Het ontbreken van deze gegevens heeft geleid tot toekenning van een beperkt aantal punten op dit onderdeel. Het feit dat Plan Nederland gebruik maakte van een oude systematiek van administreren behoort tot de eigen verantwoordelijkheid van de organisatie. Gelet op het karakter van een subsidietender kan hier niet specifiek rekening mee worden gehouden.
2.13. De rechtbank is van oordeel dat het voor risico van eiseres komt dat zij geen kwantificeerbare gegevens ten grondslag heeft gelegd aan haar trackrecord. Ter zitting is door eiseres erkend dat dit een bewuste keuze is geweest, omdat zij, anders dan andere aanvragers, het niet opportuun achtte om (fictieve) benchmarks te noemen. De rechtbank is van oordeel dat verweerder op goede gronden het oordeel van de Adviescommissie, dat eiseres op het punt van het trackrecord onvoldoende scoorde, ten grondslag heeft gelegd aan het bestreden besluit.
algemene grond
2.14. Eiseres heeft tot slot aangevoerd dat een groot belang gediend is met het alsnog honoreren van de subsidieaanvraag.

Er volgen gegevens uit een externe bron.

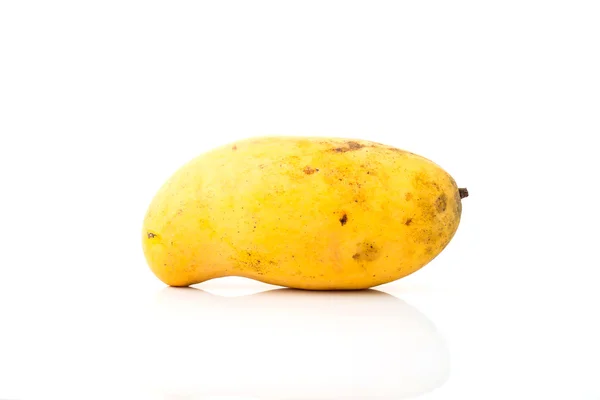 Mango amarillo aislado sobre fondo blanco. — Foto de Stock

Dit belang is onder meer gelegen in het feit dat kinderen in ontwikkelingslanden de dupe worden van het stopzetten van projecten ten gevolge van het feit dat subsidiëring aan eiseres is geweigerd.
2.15. Verweerder heeft ter zitting toegelicht dat dit belang wordt erkend en dat het is meegewogen in de besluitvorming, maar dat er voor verweerder onvoldoende aanleiding bestond de aanvraag alsnog te honoreren.

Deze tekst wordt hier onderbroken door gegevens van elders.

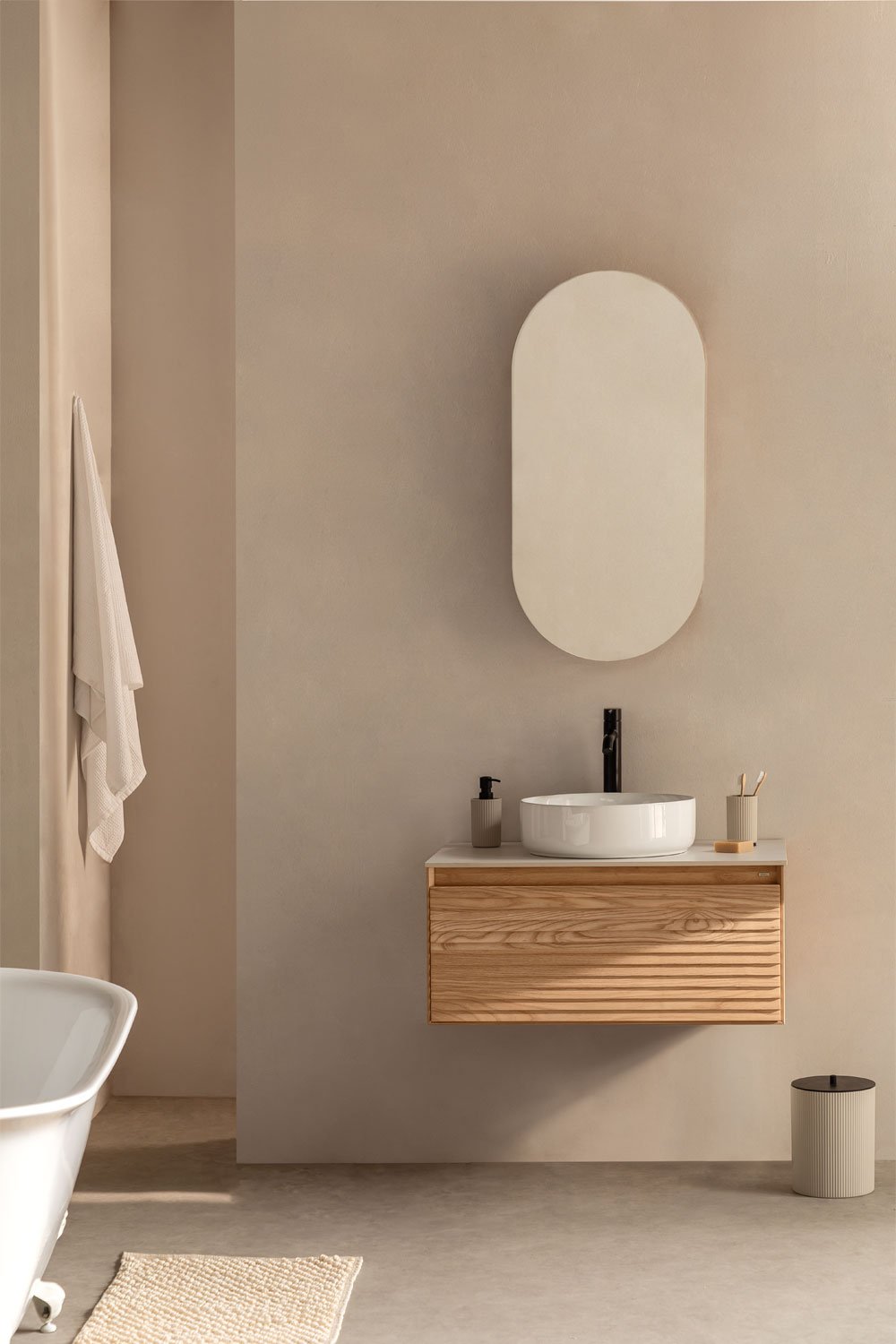 Set di mobili da bagno in legno di frassino Tedrik, immagine della galleria 1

2.16.1. De rechtbank ziet het belang van eiseres maar oordeelt dat dit enkele gegeven – dat inherent is aan het weigeren van subsidie op grond van een systeem waarbij in beginsel beperkte middelen op basis van kwalitatieve criteria worden verdeeld – geen aanleiding vormt om het bestreden besluit te vernietigen.
2.16.2. Op grond van het hiervoor overwogene ziet de rechtbank geen grond voor het oordeel dat verweerder aan eiseres bij de beoordeling in het kader van de tenderprocedure ten onrechte te weinig punten heeft toegekend.
Conclusie
2.17. De rechtbank is van oordeel dat de door eiseres aangevoerde gronden niet kunnen leiden tot vernietiging van het bestreden besluit.
De rechtbank zal het beroep ongegrond verklaren.
2.18. De rechtbank ziet geen aanleiding een der partijen te veroordelen in de proceskosten of te bepalen dat het griffierecht dient te worden vergoed.
3. BESLISSING
De rechtbank:
verklaart het beroep ongegrond.
Deze uitspraak is gedaan op 9 januari 2008 door mr. J.J. Bade, voorzitter, en mrs. J.P. Smit en T. van Muijden, rechters, in tegenwoordigheid van mr. A.E.M. Boogerman, griffier, en bekendgemaakt door verzending aan partijen op de hieronder vermelde datum.
De griffier, De voorzitter,
Tegen deze uitspraak kunnen een belanghebbende en het bestuursorgaan gedurende zes weken na toezending van deze uitspraak hoger beroep instellen bij de Afdeling bestuursrechtspraak van de Raad van State te ‘s-Gravenhage.